A propriedade, na sua extensão vertical, estende-se por em cima ou debaixo do solo até onde seja útil e conveniente[10]. As construções e/ou plantações que existem sobre ou debaixo do solo são consideradas autônomas em relação ao solo. O civilista Orlando Gomes (2002, p. 149) adverte que:

Por superfície não deve entender-se a crosta terrestre, ou seja, o solo que está em contato com o início do espaço atmosférico, porém, o que está incorporado ao solo (construções e plantações); é o que emerge do solo: é o sobre solo. (...) A extensão do poder do proprietário sobre o solo não se delimita pela superfície. (...) O poder do proprietário de um bem de raiz seria inútil se recaísse tão-somente em sua superfície. Há de se estender para cima e para baixo a determinada altura e a determinada profundidade. Se quer, por exemplo, edificar, terá de implantar os alicerces da construção do subsolo e erguê-la acima da superfície.
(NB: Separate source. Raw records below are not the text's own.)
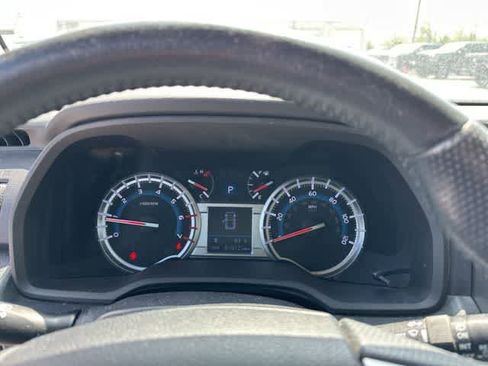 Used 2015 Toyota 4Runner SR5 image 12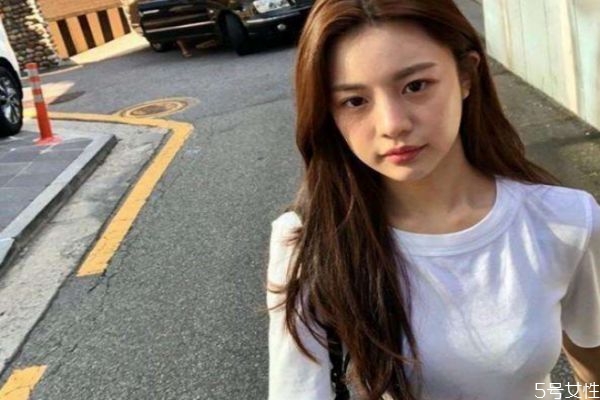 女人和男人聊天的技巧 ?怎么和男生聊天 女人和男人聊天的技巧 ?怎么和男生聊天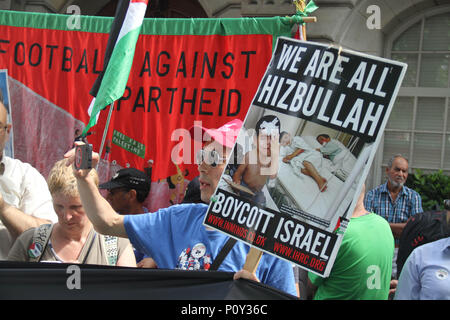 London, UK, 10. Juni 2018: die Demonstranten, die Teilnahme an einer Demonstration vor dem Saudi-arabien Botschaft für Al Quds Tag am 10. Juni 2018. Die jährliche Veranstaltung am letzten Freitag des Ramadan gehalten, die in 1979 zu bringen Unterstützung für die Palästinenser und der Zionismus und Israel gegen initiiert wurde. Quelle: David Mbiyu Credit: David mbiyu/Alamy leben Nachrichten Stockfoto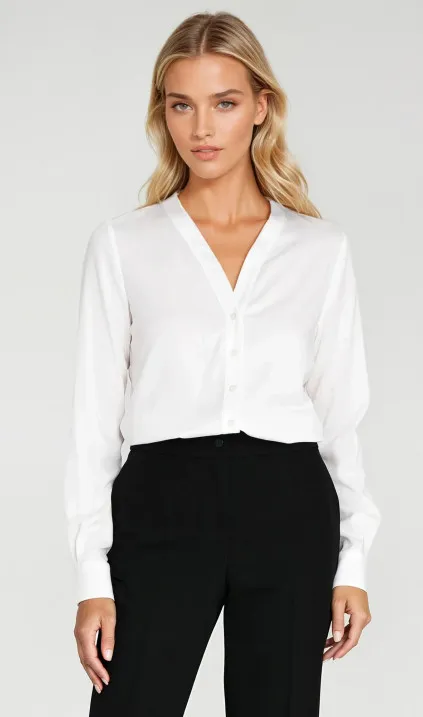 Blouse with V-neck - ecru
Seu direito estende-se, portanto, verticalmente. Um terreno não é apenas ‘um espaço de limites determinados na superfície da terra’, se considerado do ponto de vista do poder que a ordem jurídica reconhece ao seu dono. Daí o princípio segundo o qual a propriedade do solo abrange a do que lhe está superior e inferior.

Roberto Gonçalves (2012, p. 443) nos auxilia na compreensão da essência do direito de superfície, podendo-se dizer, simplesmente, que esse direito corresponde a uma suspensão do princípio da acessão. O direito de superfície rompe com a tradicional regra de que a propriedade do solo compreende a das acessões que sobre ele se erguerem. É que, constituído este direito, a coisa acedida passará a pertencer à pessoa distinta da do proprietário do solo. Essa noção foi traduzida com precisão por José Teixeira (1993, p. 53) ao asseverar que “a admissão desse direito implica a suspensão, pelo tempo em que ele vigorar, do efeito aquisitivo da acessão”.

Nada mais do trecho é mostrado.